Italian debt puts growing tensions in eurozone in focus
Investors home in on nation’s bonds because government’s weak finances add to shared risk across region
Brussels/London/San Francisco — Italian debt is once again the must-watch bellwether for growing tensions within the eurozone.
Global investors have lasered in on the nation’s bonds because, while they feature tempting yields, the government’s relatively weak finances add to the shared risk across the region. UniCredit estimates foreign asset managers and hedge funds’ exposure to Italian government bonds may be about the lowest since December 2018.
It’s a familiar story — albeit with a new twist. Every now and then, concern that the eurozone will break up drives investors to question whether holding the region’s assets is worth the risk. This time, economies are facing one of the most difficult challenges in living memory due to pandemic-induced shutdowns, adding to strains in the bloc that are likely to show up first in Italy’s bonds.
“We’re avoiding Italy at the moment because it’s probably that country where a lot of the political issues play out in the market,” said Bill Campbell, a portfolio manager at Los Angeles-based DoubleLine Capital, which oversaw $136bn as of March. “Italian government bonds are going to express that risk first and foremost so we are out of that market until we get clarity.”
DoubleLine’s global bond fund is underweight on all core and periphery European sovereign bonds. That debt may get a jolt after Moody’s Investors Service publishes its rating decisions on Italy and Greece on Friday.
Investors were already exasperated by the euro area’s response to the spread of the coronavirus, and the damage it has wreaked on economies in the region, when a German high court gave the European Central Bank three months to fix its €2.7-trillion public sector purchase programme that started in 2015.

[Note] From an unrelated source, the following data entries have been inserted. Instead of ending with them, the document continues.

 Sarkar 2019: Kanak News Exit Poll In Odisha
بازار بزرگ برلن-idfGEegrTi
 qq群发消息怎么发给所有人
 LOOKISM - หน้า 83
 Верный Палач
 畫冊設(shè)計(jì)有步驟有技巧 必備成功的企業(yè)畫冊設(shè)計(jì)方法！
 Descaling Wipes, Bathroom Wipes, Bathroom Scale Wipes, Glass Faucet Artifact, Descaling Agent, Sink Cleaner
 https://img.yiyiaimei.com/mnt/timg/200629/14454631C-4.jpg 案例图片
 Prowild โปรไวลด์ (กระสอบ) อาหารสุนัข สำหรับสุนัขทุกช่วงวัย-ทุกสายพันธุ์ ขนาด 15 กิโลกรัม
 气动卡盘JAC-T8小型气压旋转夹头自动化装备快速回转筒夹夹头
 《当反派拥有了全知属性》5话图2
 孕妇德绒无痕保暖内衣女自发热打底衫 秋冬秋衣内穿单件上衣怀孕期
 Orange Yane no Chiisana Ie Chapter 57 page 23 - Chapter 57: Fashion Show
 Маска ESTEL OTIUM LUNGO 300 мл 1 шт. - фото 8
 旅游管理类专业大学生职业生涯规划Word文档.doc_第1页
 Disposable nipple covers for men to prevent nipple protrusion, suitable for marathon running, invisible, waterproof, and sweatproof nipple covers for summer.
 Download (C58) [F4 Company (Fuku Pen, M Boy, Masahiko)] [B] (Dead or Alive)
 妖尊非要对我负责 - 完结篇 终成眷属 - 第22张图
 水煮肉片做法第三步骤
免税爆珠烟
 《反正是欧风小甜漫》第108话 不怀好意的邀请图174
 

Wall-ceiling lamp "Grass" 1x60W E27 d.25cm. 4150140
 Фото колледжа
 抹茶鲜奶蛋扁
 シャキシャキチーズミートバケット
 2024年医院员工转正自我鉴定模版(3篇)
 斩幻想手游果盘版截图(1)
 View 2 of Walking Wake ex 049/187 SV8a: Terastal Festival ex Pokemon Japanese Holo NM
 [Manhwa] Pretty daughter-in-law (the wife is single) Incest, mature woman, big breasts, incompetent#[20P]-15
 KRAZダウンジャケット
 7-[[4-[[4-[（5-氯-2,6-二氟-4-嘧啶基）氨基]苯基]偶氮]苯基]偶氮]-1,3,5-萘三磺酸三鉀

It spurred concerns that more lawsuits may be filed against the ECB’s other vital programmes, which have kept markets buoyant through very turbulent times. German exports fell 11.8% in March, the most since at least 1990.
The policymaker’s bond-buying programmes — worth more than €1-trillion this year — are why Italy’s 10-year bonds are yielding about 2% and not 7.5%, the level they climbed to less than a decade ago when its membership in the currency bloc was in question.
Indeed, the ECB’s support is the main reason Philadelphia-based Brandywine Global Investment Management bought Italian debt. It completed purchases of 10- and 30-year so-called BTPs on Tuesday, according to Jack McIntyre, a portfolio manager.
The company, which oversees $60bn in assets mostly in bonds, didn’t own any European sovereign notes before the crisis. That’s because they weren’t attractive given the negative yields.
The court ruling also highlighted the growing divide in the bloc and a stubborn problem with Europe: That it lacks the combined fiscal infrastructure to match its joint monetary prowess. It’s one reason the euro is at a disadvantage to the US dollar.
Case in point, the region’s leaders have struggled to agree on a joint bond issuance across member states, which would help countries such as Italy, where debt is well above the nation’s economic output. Euro area finance ministers are holding a video meeting on Friday to agree on the terms of emergency credit lines from the euro-area bailout fund.
“We’ve been trying to have a cohesive Europe since the 60s,” said Jeremy Leach, CEO at Managing Partners Group, which has hedged its exposure to the euro. “But I somehow feel that if they have a referendum in Italy or Spain today, populations might vote to leave.”
He started reducing his holdings of European stocks late last year because he didn’t think they were fairly valued. Leach expects a repricing of euro-denominated bonds as default risk rises and the common currency weakens.
Moody’s hinted last month that it may hold off downgrading Italy’s credit to junk from Baa3, the lowest investment grade. That’s on par with where Fitch Ratings knocked the nation’s credit score down to last week. Italy’s bonds climbed Friday, with yields dropping as much as eight basis points to 1.84%.
But should Moody’s decide to cut the nation’s rating to junk, Italy could start to see its bonds fall out of indexes, losing billions of euros of investment in the process.
“Italian bond ratings can’t afford to fall,” said Eiichiro Miura, general manager of the fixed-income department at Nissay Asset Management, based in Tokyo. “Japanese investors will be reluctant about taking new exposures at this stage.”
That’s despite Italian 10-year debt now offering a yield premium of more than two percentage points vs domestic Japanese bonds, when adjusted for currency swings.
While the euro area will probably “muddle through, the tail risk of the euro breaking up has increased”, said Eric Stein, co-director of global income at Eaton Vance Management. “You need a strong political will to keep this project going, and I’m surprised that we haven’t seen more cohesive policy or more integration after the previous crisis.”